TASK TO CARRY OUT: All of the data, word for word and free of pictures, is the expected result.

COLLECTED MATERIAL:
==================================================

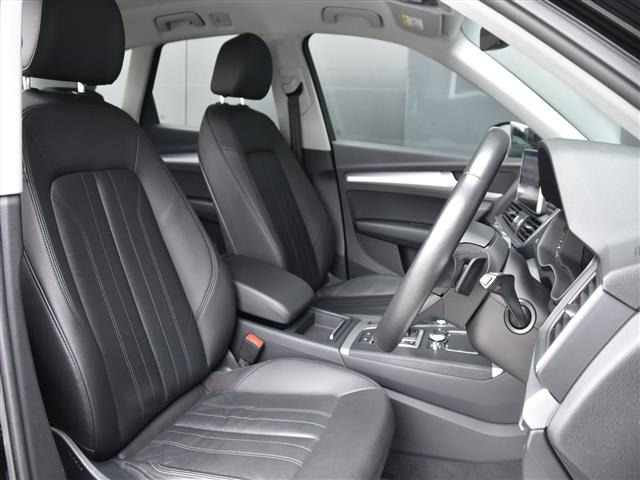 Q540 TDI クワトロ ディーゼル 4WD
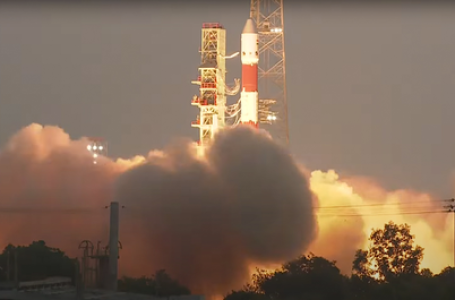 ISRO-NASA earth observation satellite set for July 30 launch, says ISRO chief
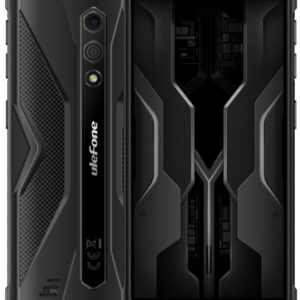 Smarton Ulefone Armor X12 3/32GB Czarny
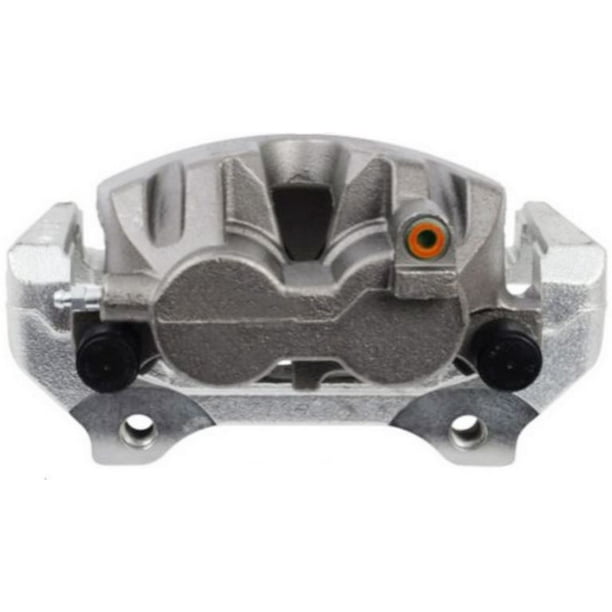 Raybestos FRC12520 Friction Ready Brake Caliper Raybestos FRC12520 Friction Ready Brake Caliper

==================================================

TASK ANSWER:
 Q540 TDI クワトロ ディーゼル 4WD
 ISRO-NASA earth observation satellite set for July 30 launch, says ISRO chief
 Smarton Ulefone Armor X12 3/32GB Czarny
 Raybestos FRC12520 Friction Ready Brake Caliper Raybestos FRC12520 Friction Ready Brake Caliper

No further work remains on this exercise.